WHAT YOU SHOULD DO =>
Word for word, repeat the data; no picture should appear in the result.
══ COLLECTED MATERIAL ══
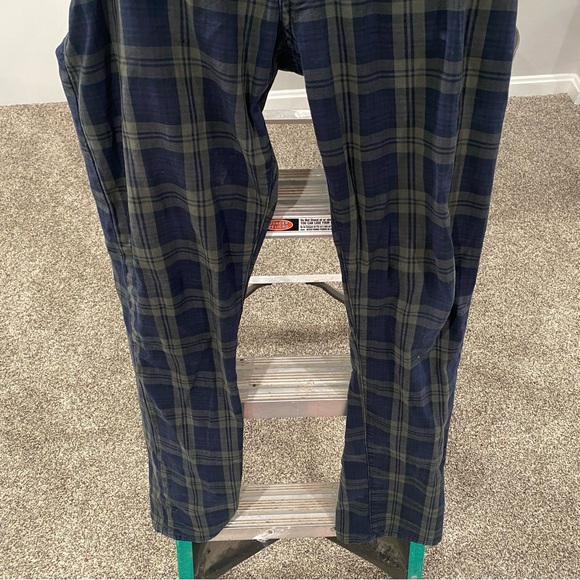 SKINNY LEVI’s 33x32 GREEN AND BLUE PLAID
RARE - Picture 3 of 7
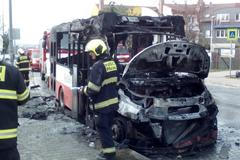 Požár autobusu v pražských Kyjích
═══
THE ANSWER =>
 SKINNY LEVI’s 33x32 GREEN AND BLUE PLAID
RARE - Picture 3 of 7
 Požár autobusu v pražských Kyjích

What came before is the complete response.